Two-year follow-up: All-cause mortality (33.9% vs. 35.0%, HR 0.88, 95% CI 0.70-1.12, p = 0.31) was similar between the TAVR and surgical AVR arms. This was true on landmark analysis at 1 year as well. Mortality rates were numerically better in the transfemoral TAVR arm when compared with surgical AVR (30.9% vs. 34.6%, p = 0.38), and numerically worse in the transapical TAVR arm when compared with surgical AVR (41.1% vs. 35.8%, p = 0.44). Other outcomes such as cardiovascular mortality (20.5% vs. 21.4%, p = 0.48), mortality or repeat hospitalization (46.6% vs. 46.5%, p = 0.84), and strokes (7.7% vs. 4.9%, p = 0.52) were also similar at 2 years. Interestingly, strokes in the TAVR arm were more common up to 30 days post-implant and less common after 30 days when compared with surgical AVR. The incidence of permanent pacemaker requirement was similar (7.2% vs. 6.4%, p = 0.69). Most patients were still asymptomatic/minimally symptomatic 2 years out, with only 15% endorsing New York Heart Association (NYHA) class III/IV symptoms in both arms.
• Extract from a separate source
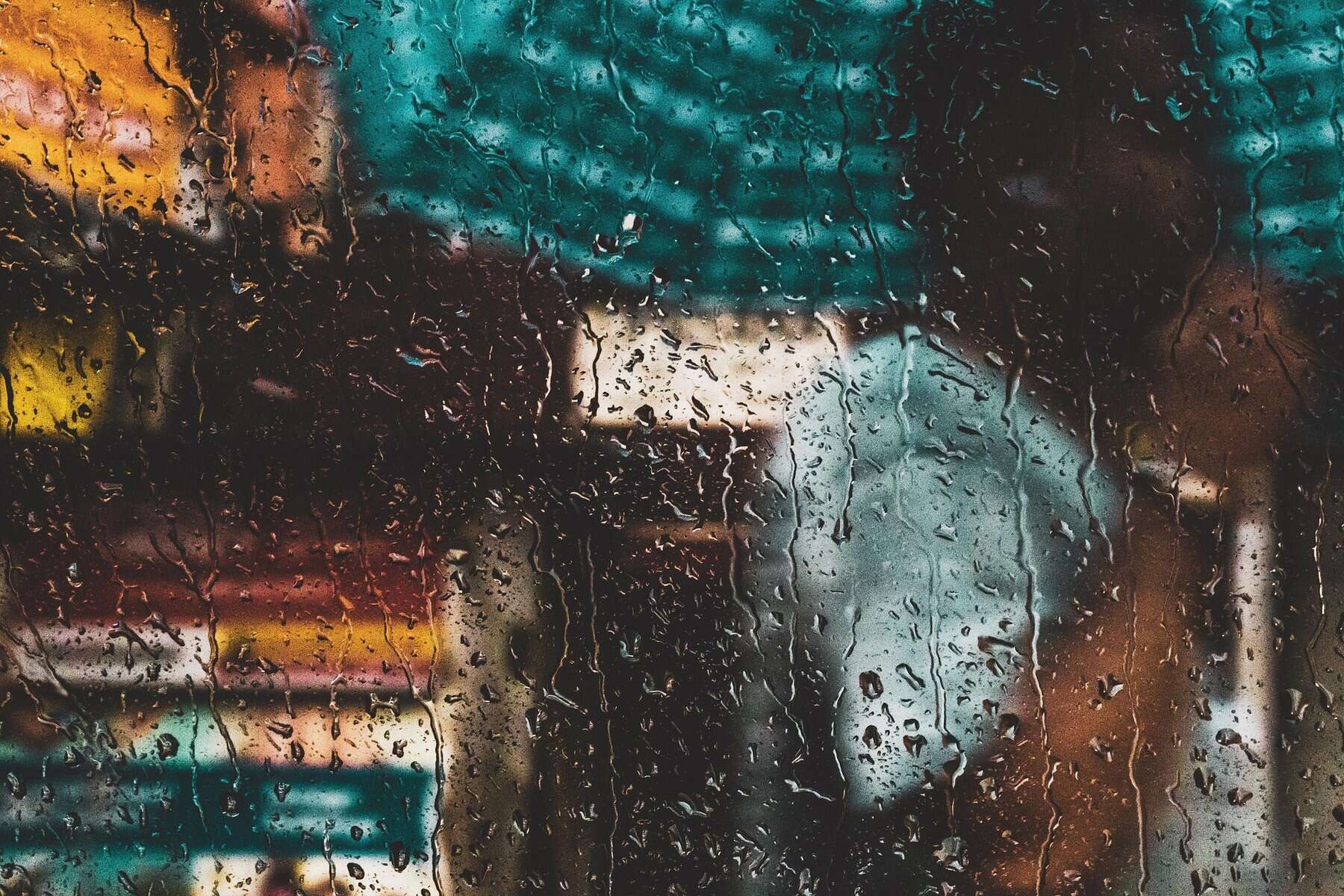 Raindrops on a glass window showcasing a blurred urban city scene with colorful city lights behind.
Echocardiography demonstrated that valve area and gradients were similar between the two arms at 2 years. Paravalvular AR was still significantly higher in the TAVR arm at 2 years (moderate: 6.9% vs. 0.9%, p < 0.001). Paravalvular AR remained unchanged in 46.2% of patients, improved in 31.5%, and worsened in 22.4% of patients. Even mild AR was significantly associated with a higher risk of all-cause mortality on long-term follow-up.
Three-year follow-up: All-cause mortality (44.2% vs. 44.8%, HR 0.93, 95% CI 0.74-1.15, p = 0.48) was similar between the TAVR and surgical AVR arms. This was true on landmark analysis at 1 year as well. Three-year mortality in the TAVR arm was independent of STS score, but higher in patients with comorbidities such as chronic kidney disease, liver disease, and atrial fibrillation. Strokes (8.2% vs. 9.3%, p = 0.76) were similar at 3 years. Interestingly, strokes in the surgical AVR arm were higher after year 2 (1 vs. 9). The incidence of permanent pacemaker requirement was stable (8.1% vs. 6.8%, p = 0.56). Endocarditis was also similar (1.5% vs. 2.6%, p = 0.37). Echocardiography demonstrated that valve area and gradients were similar between the two arms at 3 years. The majority of patients were still asymptomatic/minimally symptomatic 3 years out. Moderate to severe paravalvular AR was still significantly higher in the TAVR arm at 3 years, and even mild paravalvular AR portended increased mortality at 3 years.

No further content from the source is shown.